Segment Start: Dataset excerpts

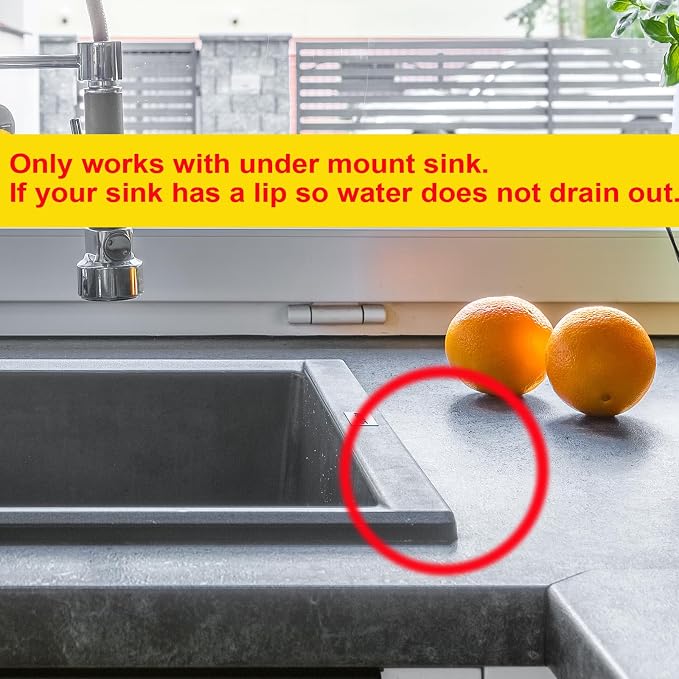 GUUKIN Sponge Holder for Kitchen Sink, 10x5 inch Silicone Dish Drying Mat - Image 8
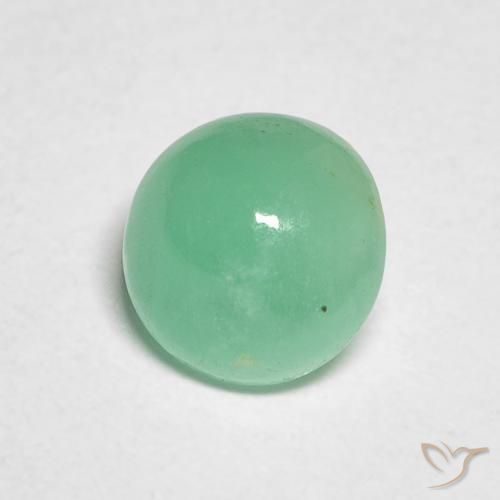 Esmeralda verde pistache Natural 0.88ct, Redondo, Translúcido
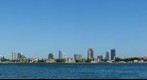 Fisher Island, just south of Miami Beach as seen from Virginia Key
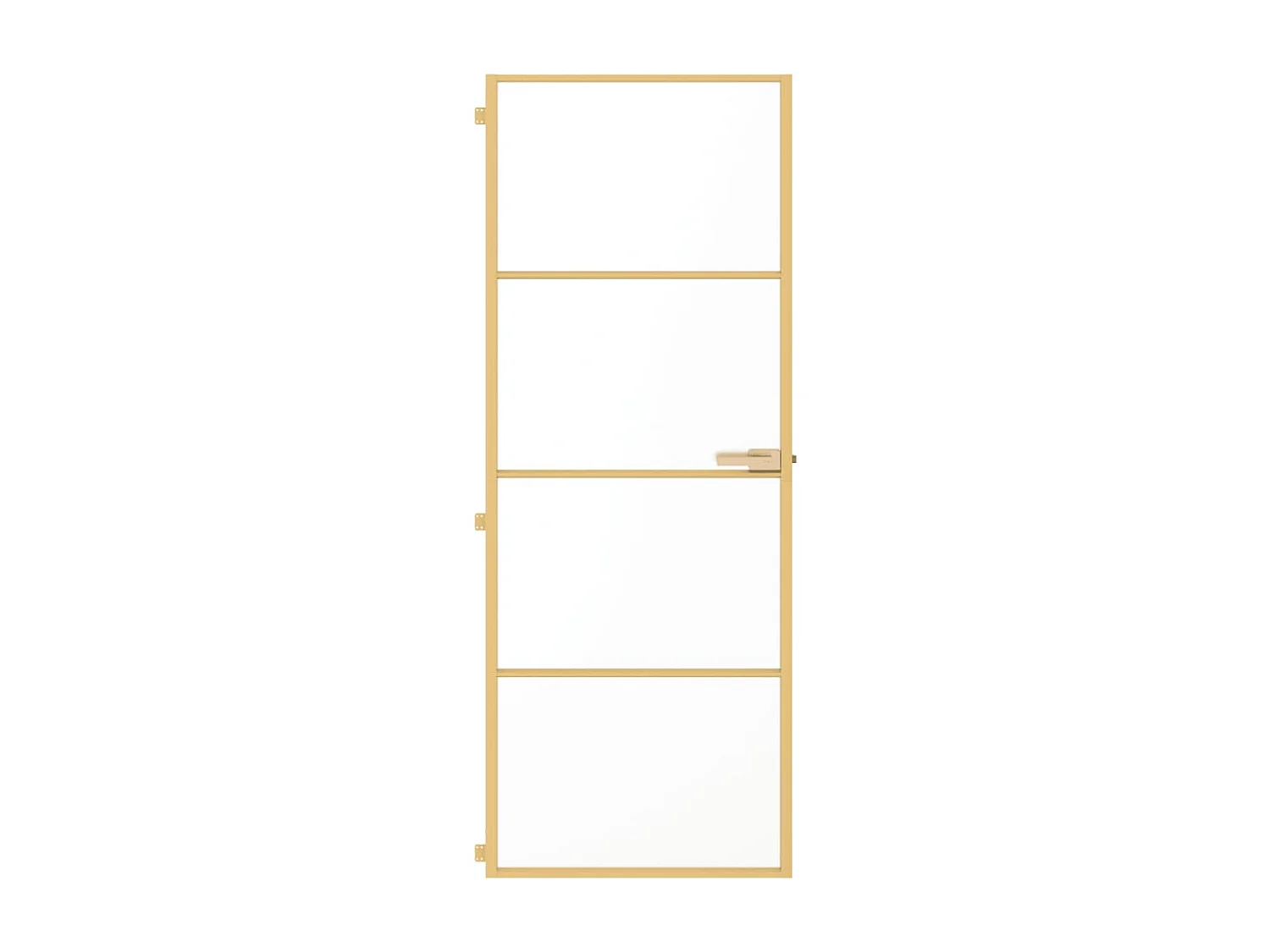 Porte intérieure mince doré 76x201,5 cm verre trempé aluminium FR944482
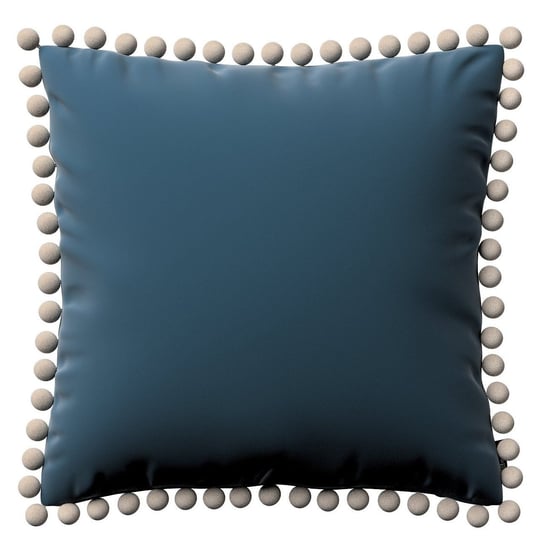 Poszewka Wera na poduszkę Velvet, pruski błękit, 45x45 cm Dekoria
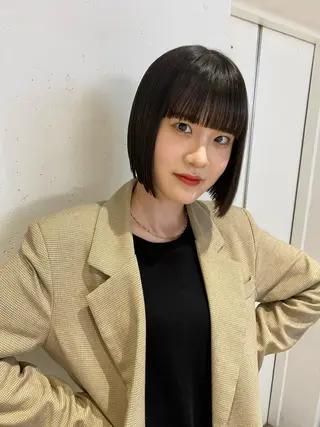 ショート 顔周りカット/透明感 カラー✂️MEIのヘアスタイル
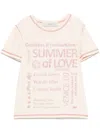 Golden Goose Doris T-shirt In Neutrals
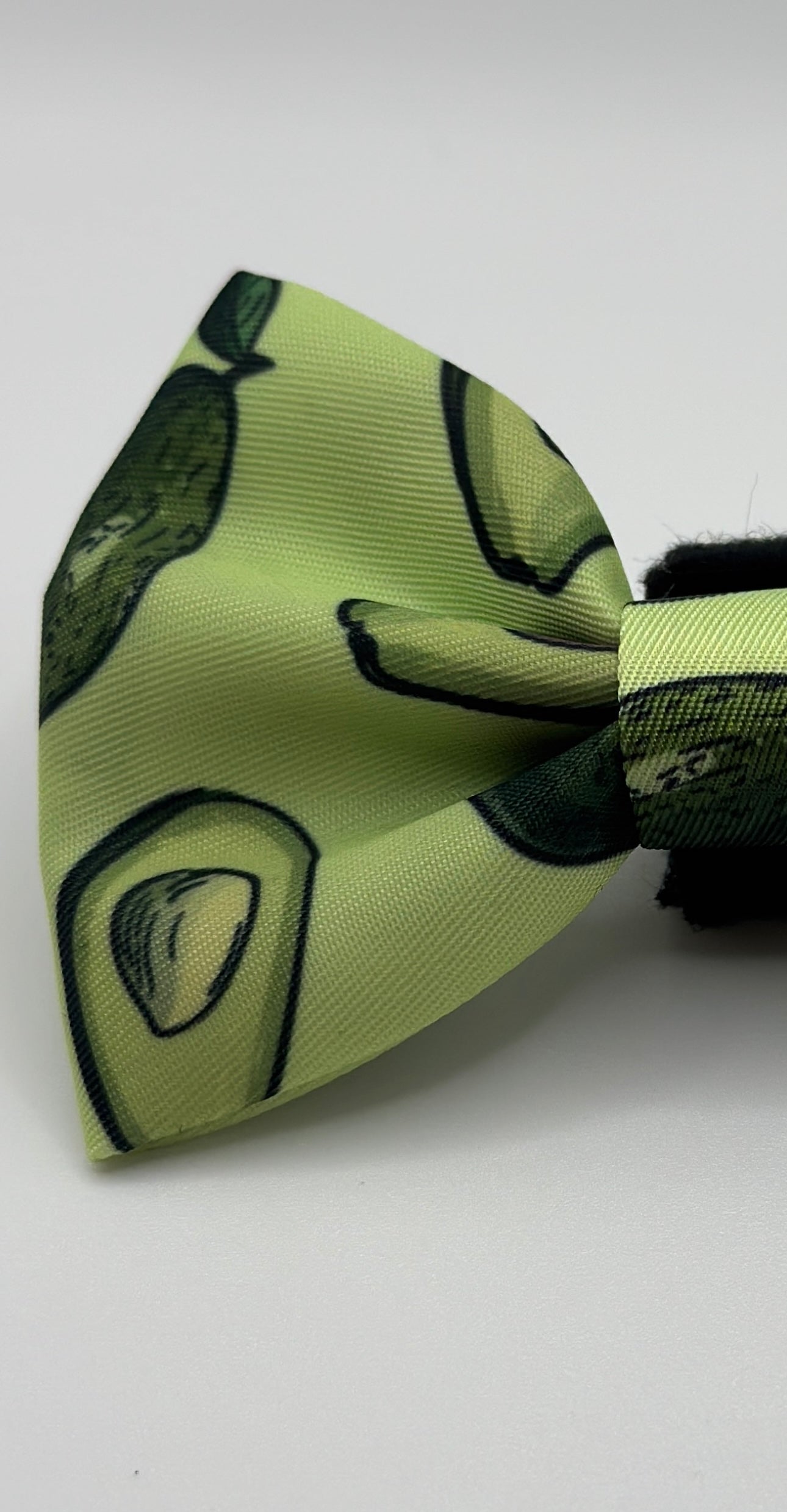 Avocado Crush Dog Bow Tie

Segment End: Dataset excerpts

▸ Task to complete
The expected output is the lines from the line that contains "Esmeralda verde pistache" through the last line of the material, reproduced exactly, with both ends present and pictures absent.

▸ Response for this exercise
 Esmeralda verde pistache Natural 0.88ct, Redondo, Translúcido
 Fisher Island, just south of Miami Beach as seen from Virginia Key
 Porte intérieure mince doré 76x201,5 cm verre trempé aluminium FR944482
 Poszewka Wera na poduszkę Velvet, pruski błękit, 45x45 cm Dekoria
 ショート 顔周りカット/透明感 カラー✂️MEIのヘアスタイル
 Golden Goose Doris T-shirt In Neutrals
 Avocado Crush Dog Bow Tie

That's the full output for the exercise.